# Rob Roy



## alaskafunboy (Nov 27, 2006)

Does anyone know if ridgid or somebody makes threading dies to fit pvc coated conduit? If not, I will have take a set to a machine shop and have them bore out the guide sleeve to fit over the pvc coating.


----------



## mdshunk (Mar 13, 2005)

Yes, I have two sets. One set is a special die with a blade in the throat that cuts off the PVC coating as it threads the pipe. The other set just has a bigger throat. They are 12R style drop head dies, and I use them in the pony threader. I _think _they are Reed brand, but I can't say for sure. I _think _Ridgid makes a set of swing dies for the stand threaders, but don't quote me on that. If you have a stand threader, there is no "throat" that you need clearance in. You can cut the vinyl off the end with a knife and thread them in the stand threader like normal.
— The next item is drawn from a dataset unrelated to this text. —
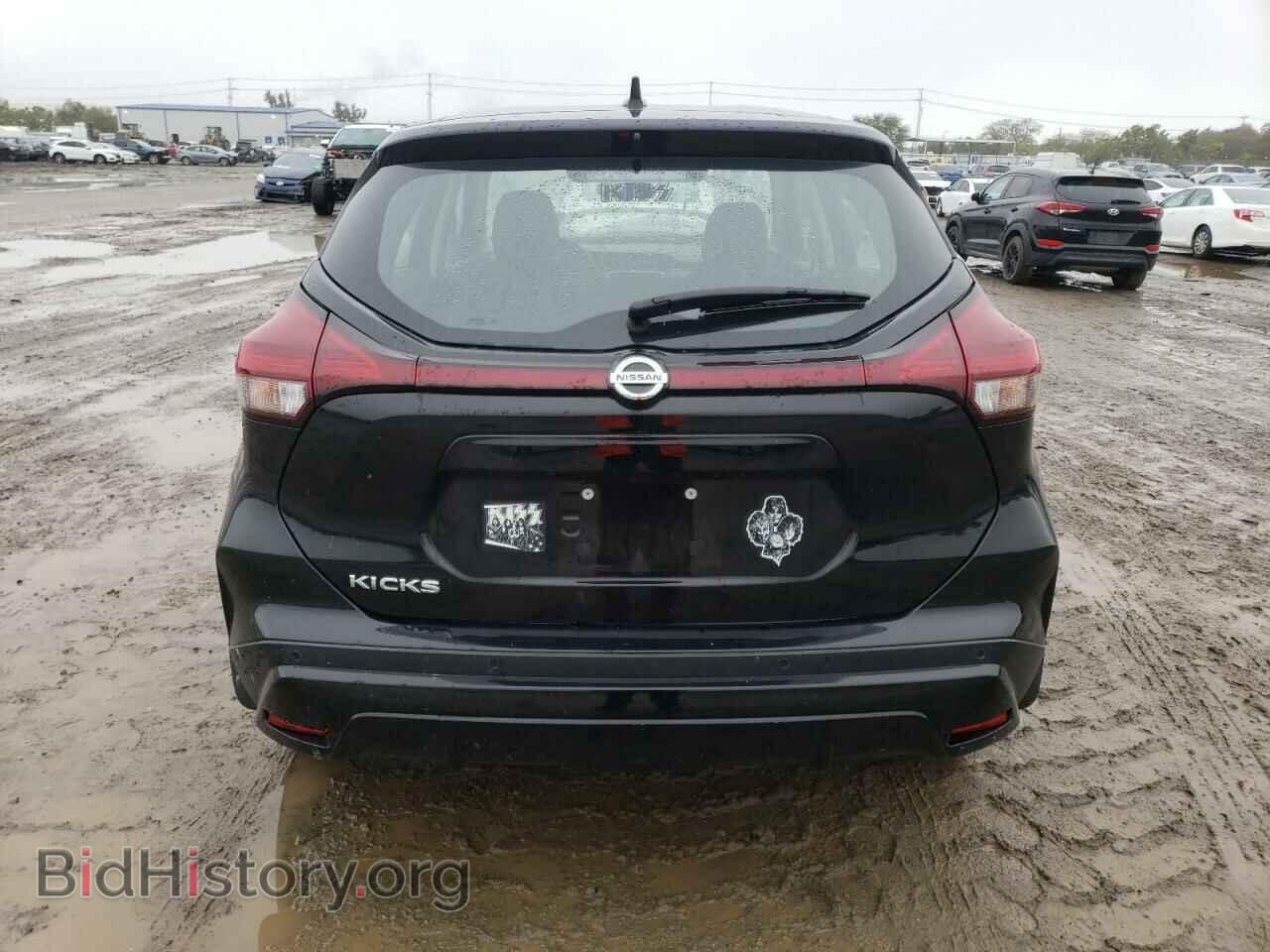 2021 NISSAN KICKS - VIN: 3N1CP5BV1ML474758 - Фото 6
You do need to put a rag in the jaws to keep the coating from getting boogered up.


----------



## alaskafunboy (Nov 27, 2006)

*yup*

No problem with a 300, I just gotta be able to use a 700. I went to the MFR's web site for Rob Roy, and they said to machine 12/100in. dia. out of the throat. I think that is what I'll do cuz machine shops seem to be more available around here than the dies. Thanx,


----------



## mdshunk (Mar 13, 2005)

alaskafunboy said:


> I went to the MFR's web site for Rob Roy, and they said to machine 12/100in. dia. out of the throat. I think that is what I'll do cuz machine shops seem to be more available around here than the dies. Thanx,


Cool, that's good to know. You might want to check to make sure that dimension is good for Ocal also. Might as well make your dies good for both types of PVC coated conduit while you're at it. I have a feeling it will be good for Ocal also, but it would be good to double check.


----------